[WORK TASK] From the line containing "Дори ниските нива" to the line containing "SkinCeuticals Prevent Phloretin" in the records below, set down every line exactly as it stands, both ends included, and skip the pictures.

Content starts

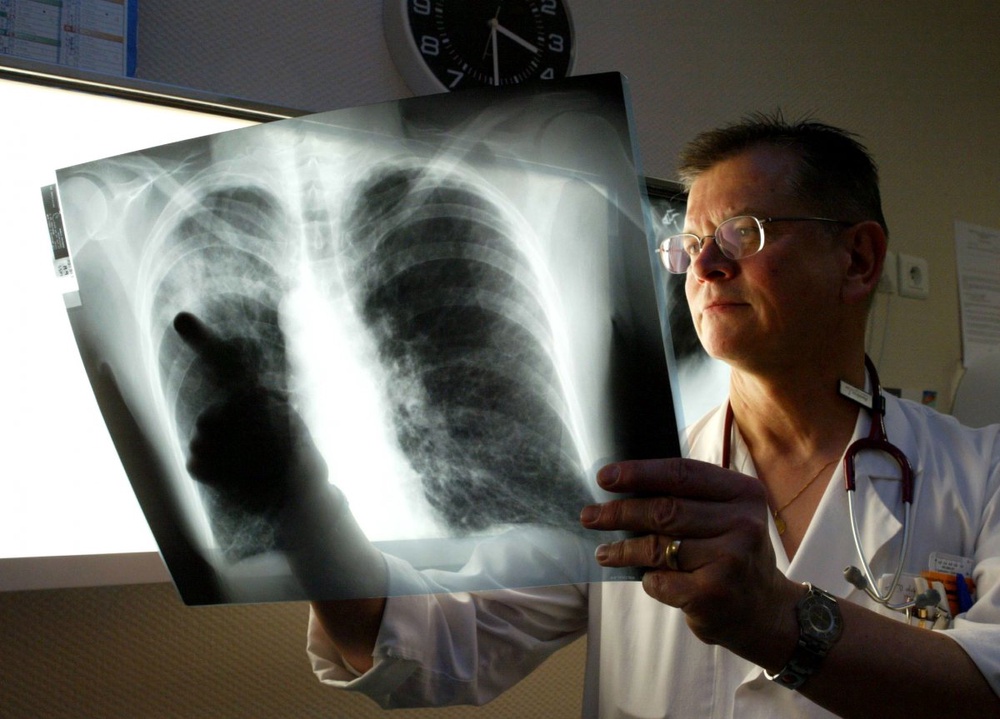 Eight sick with Legionnaires' Disease at Spanish hotel 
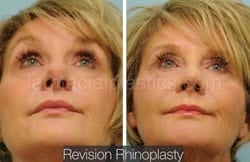 Rhinoplasty Before and After Plano, TX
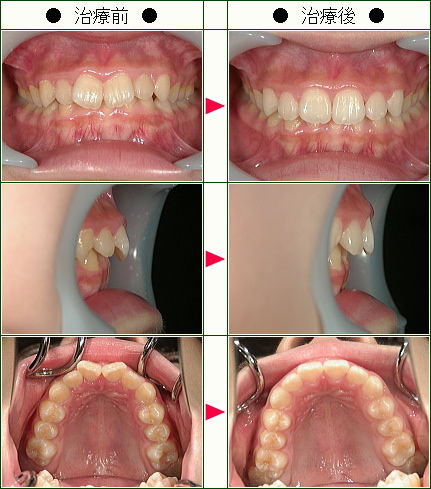 歯のデコボコ矯正症例(Ｒ．Ｙ様　１３歳　女性)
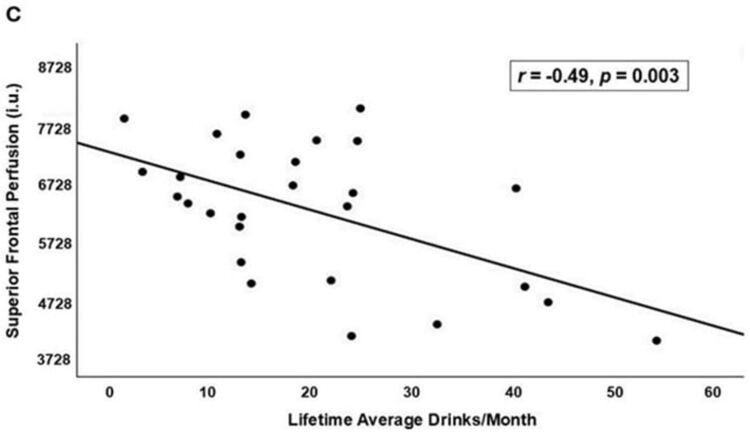 Дори ниските нива на алкохол могат да увредят мозъка ви, установи проучване 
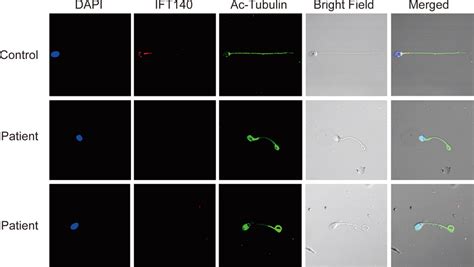 Immunofluorescence Staining Of The Spermatozoa Of A Normal Person And Download Scientific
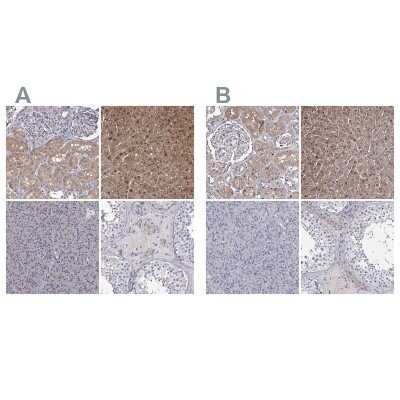 Immunohistochemistry-Paraffin: GSTO1 Antibody [NBP2-32691]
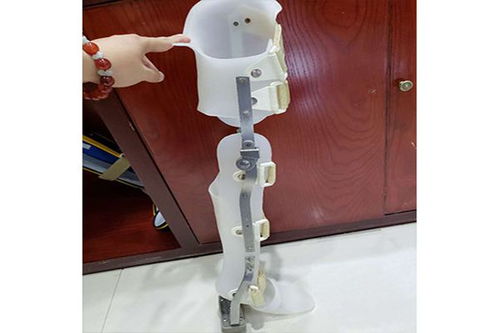 假肢与矫形器的使用周期与更换指南 科学维护，保障生活品质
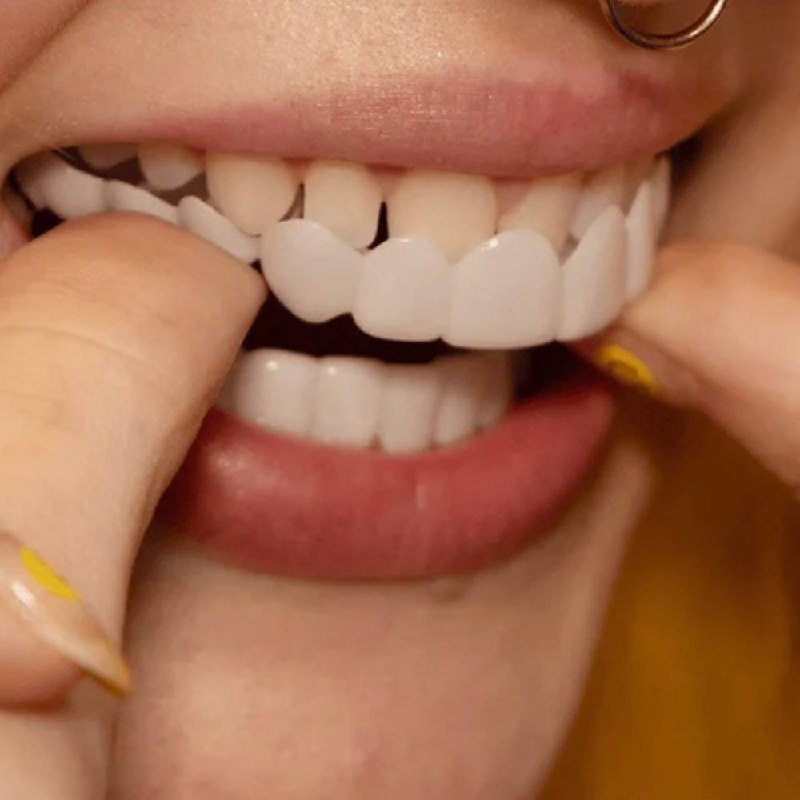 Kit de facettes dentaires facile pour un sourire parfait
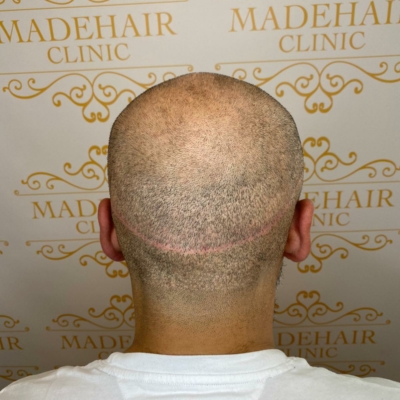 Permanent kamouflage ärr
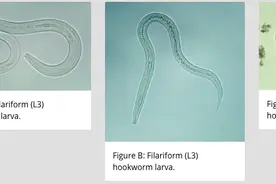他们生吞 3500 寄生虫卵，花费1.5 万元，只为治疗秃头图片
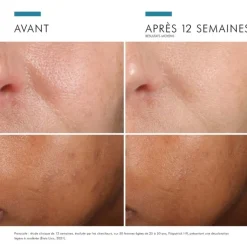 SkinCeuticals Prevent Phloretin CF sérum antioxydant
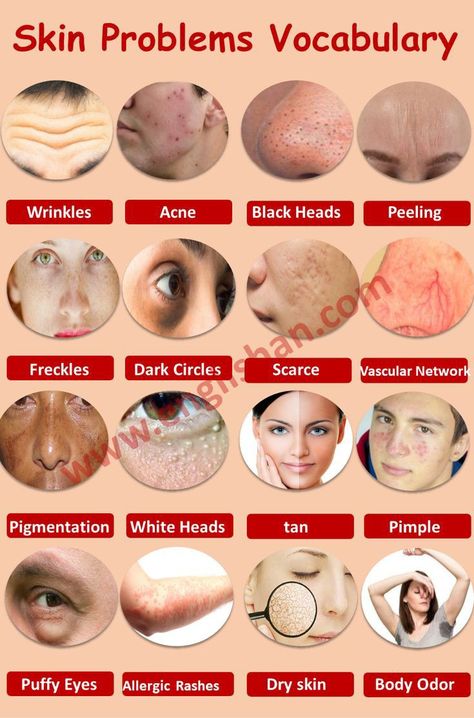 Letter In English, Hair Diseases, Hair Problem, Blackhead Remedies, Words List, Blackheads On Nose, Skin Advice, Acne Help, Natural Skin Care Remedies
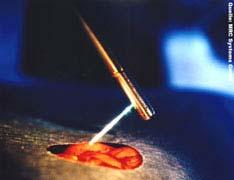 Lasers in Medicine Medical applications one of fastest growing laser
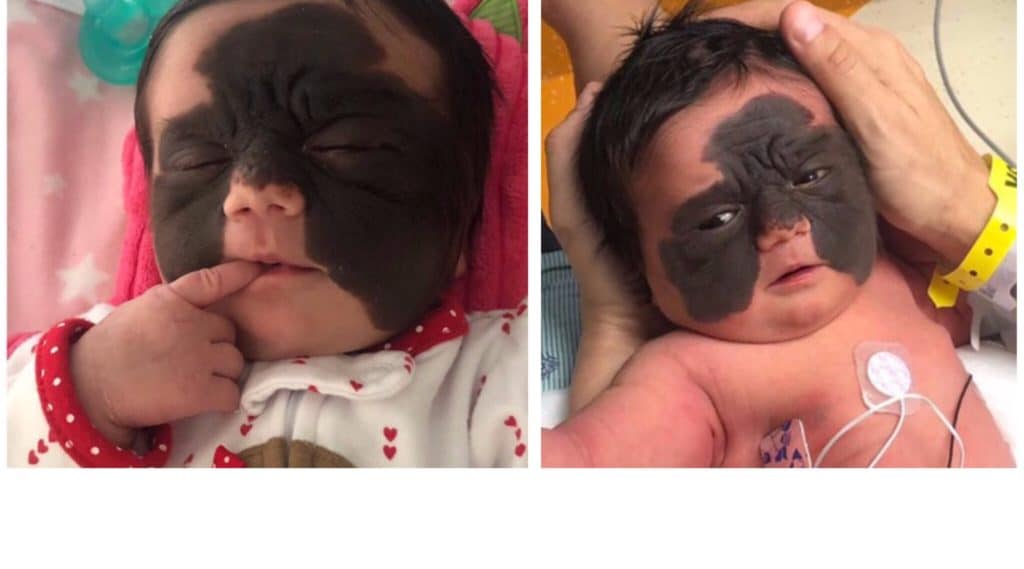 La bambina nata con una macchia rara sul viso conquista i cuori di tutto il mondo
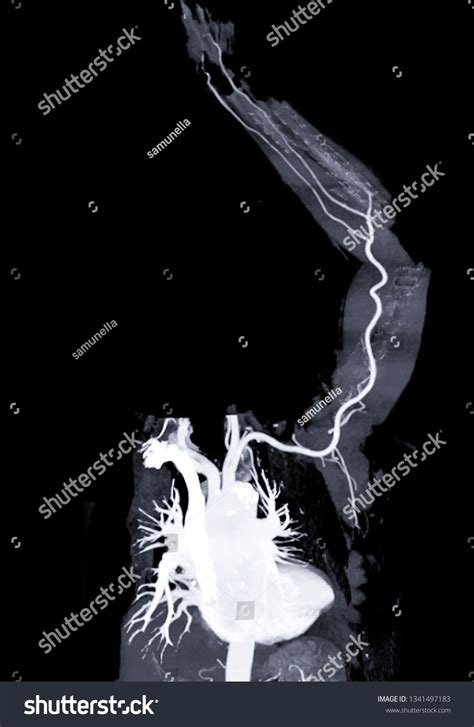 Cta Left Brachial Artery Ct Scan Stock Illustration 1341497183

Content ends

[COMPLETED EXERCISE]
 Дори ниските нива на алкохол могат да увредят мозъка ви, установи проучване 
 Immunofluorescence Staining Of The Spermatozoa Of A Normal Person And Download Scientific
 Immunohistochemistry-Paraffin: GSTO1 Antibody [NBP2-32691]
 假肢与矫形器的使用周期与更换指南 科学维护，保障生活品质
 Kit de facettes dentaires facile pour un sourire parfait
 Permanent kamouflage ärr
他们生吞 3500 寄生虫卵，花费1.5 万元，只为治疗秃头图片
 SkinCeuticals Prevent Phloretin CF sérum antioxydant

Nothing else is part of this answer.